The good thing is that I know how to change the design for future projects to eliminate some of the issues I had with this one.

Comments are appreciated (even negative ones)!


----------



## Skwerly (Feb 26, 2010)

I really like it! It looks great, it's functional, and it's made of exotic wood. What more can a guy ask for? 

Great job!


----------



## pabloj13 (Dec 10, 2009)

Excellent work. I love the mitered drawer front. Nice touch.


----------



## JEC559 (Jul 1, 2009)

Nice job. I really love purple heart. It looks great and I am sure she will love it.


----------



## Dvoigt (Dec 6, 2007)

Looks very nice. Although I would have maybe planed the wood to be another 1/4" thinner, seems a touch thick to me. But that is really a personal preference... and I'm only say it because you said you are ok with the negative comments:thumbsup:


----------



## Streamwinner (Nov 25, 2008)

Great work. Hard to believe that's your first finished project.


----------



## slowsol (Dec 26, 2009)

Dvoigt said:


> Looks very nice. Although I would have maybe planed the wood to be another 1/4" thinner, seems a touch thick to me. But that is really a personal preference... and I'm only say it because you said you are ok with the negative comments:thumbsup:


 
:laughing::laughing: My wife said that as soon I brought the lumber home. I told her, "I had to pay for an inch thick, I'm not gonna have them cut away half of it and charge me full price!":laughing:

But you're right, it would have looked better with thinner stock. 

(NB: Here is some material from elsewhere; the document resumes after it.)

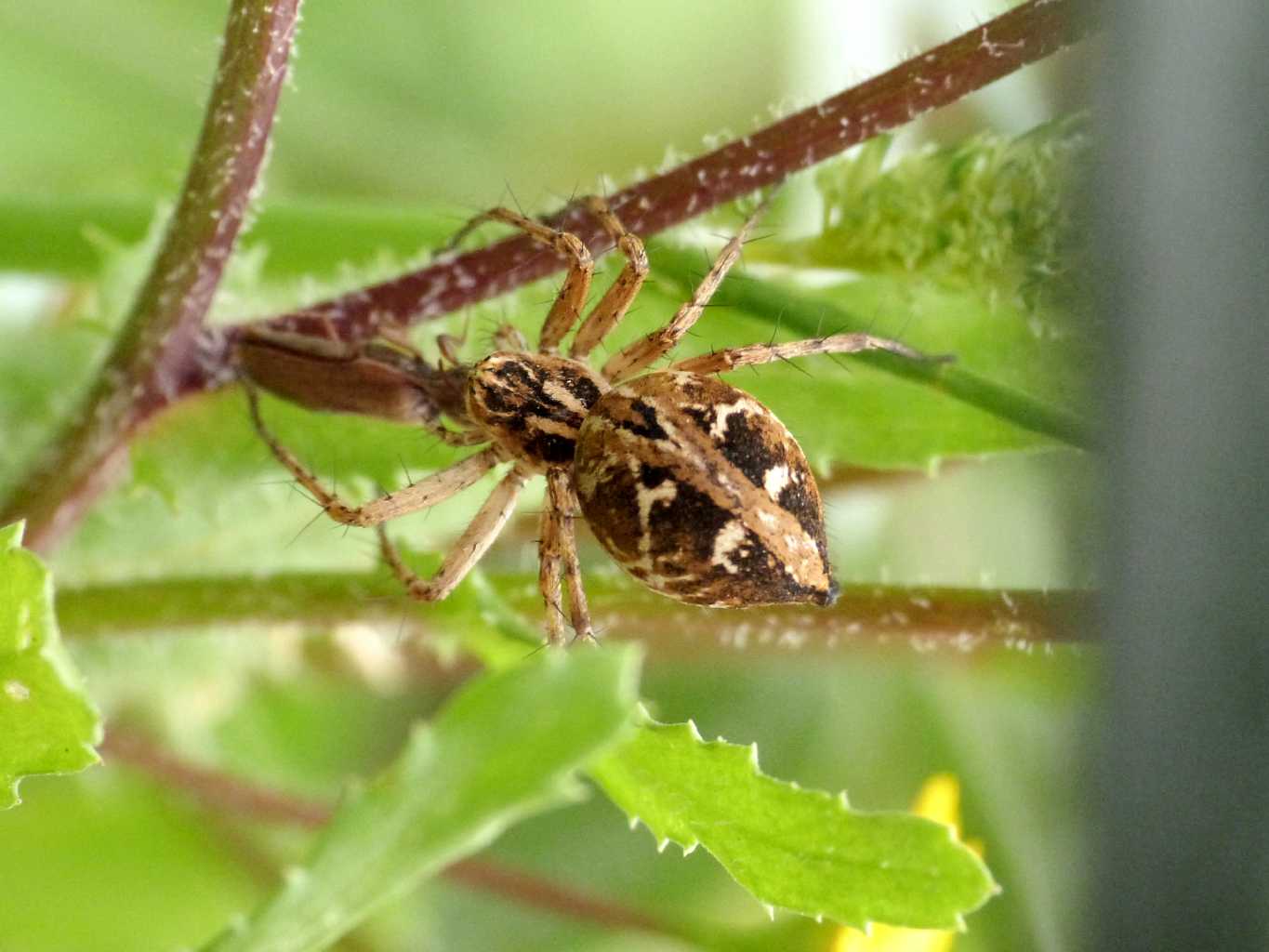 Oxyopes heterophtalmus con prede - Tolfa (RM)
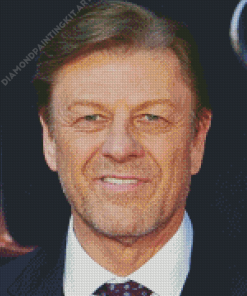 Sean Bean Diamond Painting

Thanks for all the comments guys. 

In all fairness, I've made a few other things (including the table the box is sitting on). But this is my first project that I actually worked all the way through and had a pleasing result.


----------



## Chad (May 10, 2009)

I really like the design and the wood. Nice job!


----------



## jlhaslip (Jan 16, 2010)

I'm sure your sister will love it and keep it forever...

Is that a 'hidden' compartment? Nice.


----------



## phinds (Mar 25, 2009)

Welcome to the forum.

To your credit you've done a very nice job with a VERY tough wood. Not all exotics are as tough to work with. 

As for comparing it to what you're used to, probably the toughest common (that is, readily available) American domestic is hickory and it's below purpleheart on the Janka scale.

Paul


----------



## wletson (Jan 11, 2010)

jlhaslip said:


> Is that a 'hidden' compartment? Nice.


That's what I was wondering too. I think it is the only thing that makes sense.

Your sister will treasure that forever, coming from her big brother. Really pretty!


----------